» WORK TO COMPLETE: The answer is to be an exact copy of the lines below running from the line with "Psychedelic Acid Seamless" down to the line with "Aviana Pear &", both ends included, and nothing more.

### SOURCE MATERIAL ###

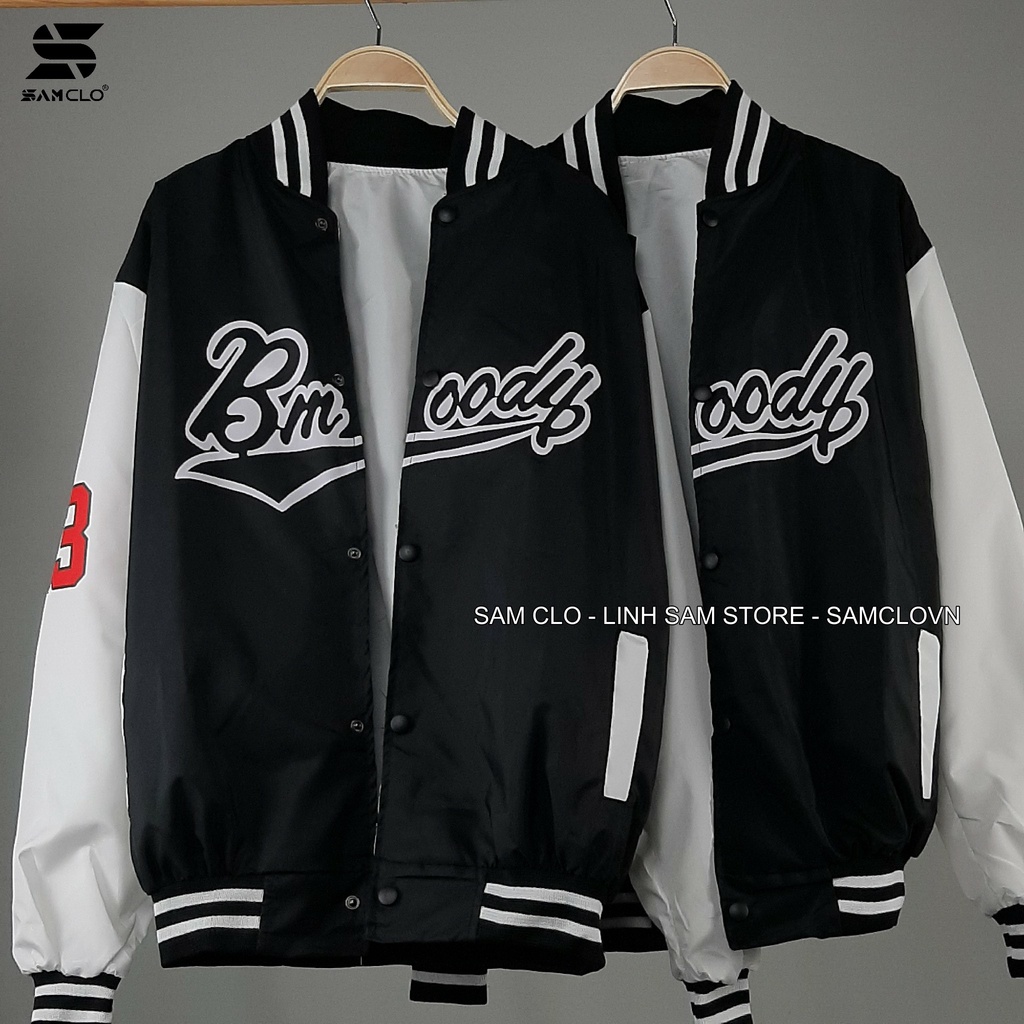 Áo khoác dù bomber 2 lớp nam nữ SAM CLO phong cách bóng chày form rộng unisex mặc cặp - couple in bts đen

###
### SOURCE MATERIAL ###

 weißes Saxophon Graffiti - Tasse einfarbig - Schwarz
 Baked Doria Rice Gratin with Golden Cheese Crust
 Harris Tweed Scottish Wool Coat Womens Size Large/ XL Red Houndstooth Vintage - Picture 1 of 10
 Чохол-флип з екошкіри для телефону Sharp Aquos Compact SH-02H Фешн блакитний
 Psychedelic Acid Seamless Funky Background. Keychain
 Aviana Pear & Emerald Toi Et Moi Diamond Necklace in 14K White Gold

###
### SOURCE MATERIAL ###

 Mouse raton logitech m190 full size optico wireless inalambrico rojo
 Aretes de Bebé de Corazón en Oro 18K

###

» EXERCISE RESPONSE:
 Psychedelic Acid Seamless Funky Background. Keychain
 Aviana Pear & Emerald Toi Et Moi Diamond Necklace in 14K White Gold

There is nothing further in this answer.